An in-house bead-based immunoassay for 22 Pnc Ps serotypes (1, 2, 3, 4, 5, 6B, 7F, 8, 9N, 9V, 10A, 11A, 12, 14, 15B, 17F, 18C, 19A, 19F, 20, 23F, and 33F) was performed using Ps-coated beads purchased from Flow Applications, Okawville, IL. Bulk uncoated beads were purchased from Luminex, Austin, TX. Each batch of beads had a unique fluorescent signal and was coated with a different polysaccharide using the method described by Biagini et al. (1) with modifications indicated by the manufacturer. Briefly, this method uses sodium periodate to covalently link the polysaccharide to the amino residues on the surface of the beads. The CDC assay was also performed according to the protocol described by Biagini et al. (1) with the following modifications: longer incubation of serum samples with target bead mixture (1 h instead of 30 min) and goat anti-human IgG Fab fragments conjugated to R-phycoerythrin (Jackson Immunoresearch). For simplicity we will refer to this assay as the CDC assay. This assay was evaluated at CDC, Atlanta, GA.
HPA assay.
The HPA (Manchester, United Kingdom) in-house assay was performed according to the protocol described by Lal et al. (4) for a total of 12 Pnc Ps serotypes. This assay used beads coated with type-specific polysaccharides for serotypes 1, 3, 4, 5, 6B, 7F, 9V, 14, 18C, 19A, 19F, and 23F and a modification of the method described by Pickering et al. (11). This method uses poly-l-lysine and cyanuric chloride for conjugation of the polysaccharide to the beads.
Luminex assay.
XMAP Pnc immunity panels were purchased by the Biomonitoring and Health Assessment Branch, Division of Applied Research and Technology, NIOSH, CDC, from Luminex for the evaluation of this technology for a total of 14 Pnc Ps serotypes (1, 3, 4, 6B, 7F, 8, 9N, 9V, 12F, 14, 18C, 19A, 19F, and 23F). The Luminex xMAP assay was followed as per the manufacturer's protocol. For simplicity we will refer to this bead-based immunoassay as the Luminex assay (LUM), even though this panel was evaluated at CDC, Cincinnati, OH.
Data analysis.
We used three different methods for data analysis. The first method was the calculation of the percent error to determine the agreement between samples for the bead-based immunoassays and the WHO-assigned IgG concentrations (concentration), also known as the WHO assignments, for seven vaccine serotypes (http://www.vaccine.uab.edu). The following formula was used: percent error = 100 × |[(assigned concentration) - (lab-determined concentration)]/(assigned concentration)|.

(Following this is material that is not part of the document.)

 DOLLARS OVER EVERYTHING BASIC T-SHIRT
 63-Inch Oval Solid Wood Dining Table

We followed the WHO recommendation of having the IgG concentrations for ≥75% of the serum samples within a 40% error of the assigned mean for qualifying a new quantitative method (12; http://www.vaccine.uab.edu). With this method, we compared the assignments to the newly calculated concentrations for each individual reference serum.

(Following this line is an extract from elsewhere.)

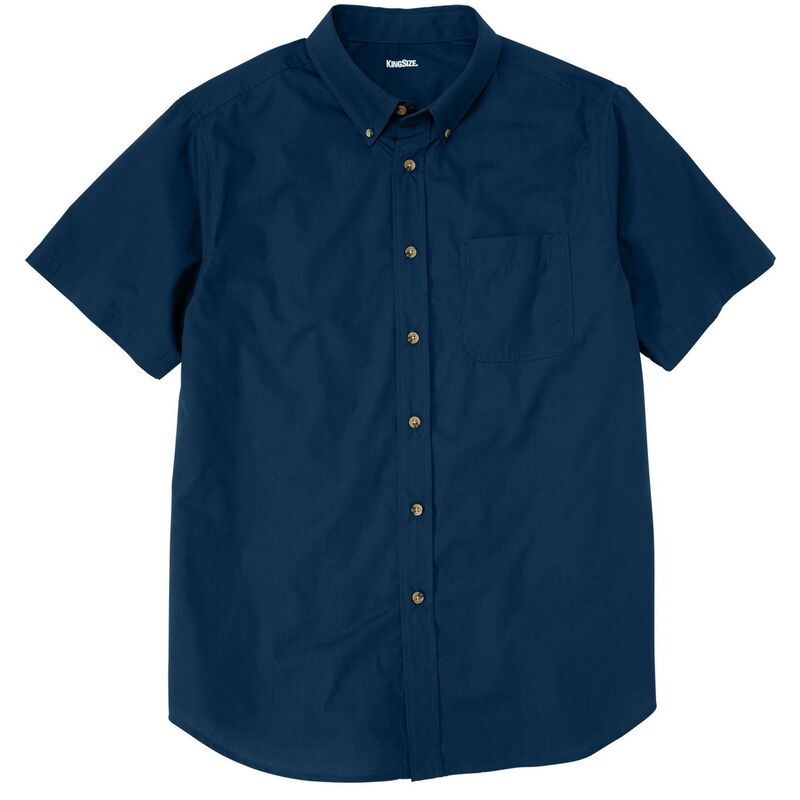 キングサイズ レディース トップス Tシャツ トール KingSize Mens Big Tall Short Sleeve WrinkleFree Sport Shirt Navy ネイビー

The second method for assessing overall agreement was to compare concentrations between laboratories, with all sera and serotypes combined, which involved the following three measurements: the coefficient of accuracy (Ca), precision (r), and the concordance correlation coefficient (CCC). The accuracy describes the amount of compliance among laboratories and between the laboratories and WHO assignments for the IgG concentrations (6). Hence, Ca measures how far the best-fit line deviates from a 45° line. Precision (reproducibility) is the degree to which IgG concentrations determined by laboratories showed the same or similar results and was measured here by using Pearson's correlation coefficient (r) (10). The CCC was used to evaluate the agreement between pairs of laboratories, taking into account both precision and accuracy (5).

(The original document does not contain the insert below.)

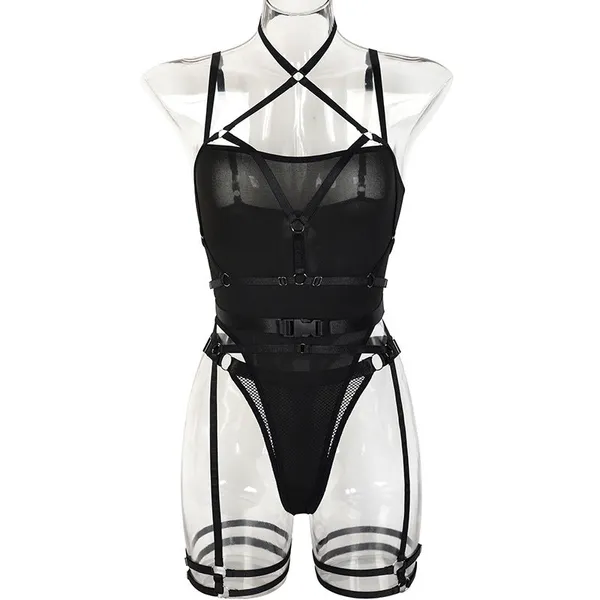 Black_Satin_Premium_And_Fancy_Design_Bodysuit_For_Women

Our third method used an analysis of variance (ANOVA) random effects model to investigate the sources of variability and test for equivalence between serotypes for each bead-based immunoassay and the WHO assignments and among all bead-based immunoassays. Random effects ANOVA models were fit separately to test for equivalence between each bead-based immunoassay and the WHO assignments and for equivalence among the bead-based immunoassays. Models were estimated using restricted maximum likelihood estimation (REML) in the SAS PROC MIXED model (7). Models consisted of a natural log transformation for the IgG concentrations and the following independent explanatory variables: overall mean, serotype, laboratory, and the interaction among the serotypes and laboratories. After investigation it was determined that there was substantial variability due to samples and serotype by sample. Hence, the samples and interaction of serotypes by samples were treated as random effects in the models. Our first ANOVA model compared the CDC, LUM, and HPA assays to the WHO assignments. This model was fit by defining the dependent variable as the natural log of the ratio of the lab value to the WHO assignment for the sample and serotype. Our second ANOVA model compared the CDC, HPA, and LUM assay concentrations to each other by fitting a model to the natural log of the assay concentrations and computing contrasts to compare each laboratory to the other laboratories by serotype. All comparisons were conducted using equivalency testing with a priori boundaries of 0.5 and 2.0 for the lower and upper confidence bounds, respectively.
RESULTS
Agreement of sample concentrations to WHO assignments.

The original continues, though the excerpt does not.